COVID-19 (novel coronavirus) – Tax changes to support businesses
Temporary loss carry-back scheme
This temporary change should be introduced in a bill in the week beginning 27 April.
Businesses expecting to make a loss in either the 2019/20 year or the 2020/21 year would be able to estimate the loss and use it to offset profits in the past year. In other words, they could carry the loss back one year.
This change means we could refund some or all the tax already paid for the year they were in profit. It means firms could cash out all or some of their losses in 2019/20 or 2020/21. Without this change, firms would have to carry forward any loss to a year when they make a profit.
Taxpayers do not need to rush to re-estimate their provisional tax before 7 May. Part of the proposed law change would make it possible for them to re-estimate it after the date of the final instalment. This will give them more time to work out any estimated loss for the 2020/21 income year.

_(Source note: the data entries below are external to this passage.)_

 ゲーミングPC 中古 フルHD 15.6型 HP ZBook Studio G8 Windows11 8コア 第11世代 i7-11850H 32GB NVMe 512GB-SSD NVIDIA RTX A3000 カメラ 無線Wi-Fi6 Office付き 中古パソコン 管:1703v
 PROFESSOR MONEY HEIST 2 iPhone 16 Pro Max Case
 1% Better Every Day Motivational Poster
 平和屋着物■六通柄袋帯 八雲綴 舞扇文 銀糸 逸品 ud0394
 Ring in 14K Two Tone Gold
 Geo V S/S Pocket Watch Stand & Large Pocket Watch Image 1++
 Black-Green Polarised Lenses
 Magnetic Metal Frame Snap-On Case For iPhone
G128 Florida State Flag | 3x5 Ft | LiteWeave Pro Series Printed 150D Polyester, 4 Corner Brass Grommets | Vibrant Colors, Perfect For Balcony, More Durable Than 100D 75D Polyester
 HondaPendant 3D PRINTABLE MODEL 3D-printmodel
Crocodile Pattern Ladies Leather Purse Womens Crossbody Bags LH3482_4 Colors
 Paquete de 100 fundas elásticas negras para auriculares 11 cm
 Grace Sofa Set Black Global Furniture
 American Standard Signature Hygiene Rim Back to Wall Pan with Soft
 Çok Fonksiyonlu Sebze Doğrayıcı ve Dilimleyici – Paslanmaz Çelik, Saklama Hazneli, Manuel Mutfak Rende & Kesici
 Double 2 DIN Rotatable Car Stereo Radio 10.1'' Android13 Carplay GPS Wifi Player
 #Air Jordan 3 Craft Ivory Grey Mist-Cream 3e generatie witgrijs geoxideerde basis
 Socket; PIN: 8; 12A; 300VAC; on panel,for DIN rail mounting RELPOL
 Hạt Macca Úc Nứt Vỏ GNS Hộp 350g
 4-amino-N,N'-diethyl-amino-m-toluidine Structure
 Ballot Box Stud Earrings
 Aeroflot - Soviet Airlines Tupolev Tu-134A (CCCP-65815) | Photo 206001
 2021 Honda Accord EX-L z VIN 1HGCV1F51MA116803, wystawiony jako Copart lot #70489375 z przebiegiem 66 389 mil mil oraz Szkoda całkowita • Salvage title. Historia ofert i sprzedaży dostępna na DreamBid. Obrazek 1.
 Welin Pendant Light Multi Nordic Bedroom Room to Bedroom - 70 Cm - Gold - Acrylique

Between now and 27 April, officials will consult with tax advisors to ensure the law and administrative guidance is as clear as possible.
While NZ Inland Revenue isn’t able to answer questions before the law passes, they encourage businesses to raise any issues they want to see addressed in the legislation or administrative guidance. You can email those to firstname.lastname@example.org
NZ Inland Revenue will not respond to each individual email, but will attempt to answer questions in the published guidance.
Permanent loss carry-back scheme
The Government proposes a permanent loss carry-back scheme, applying to the 2021/22 and later income years.
There will be public consultation about this measure in the second half of 2020.
Changes to the tax loss continuity rules
The Government proposes relaxing the tax loss continuity rules. It intends passing legislation before the end of March 2021, and for it to apply to the 2020/21 and later income years.
Currently, if a company has more than a 51% change in ownership it cannot keep its tax losses.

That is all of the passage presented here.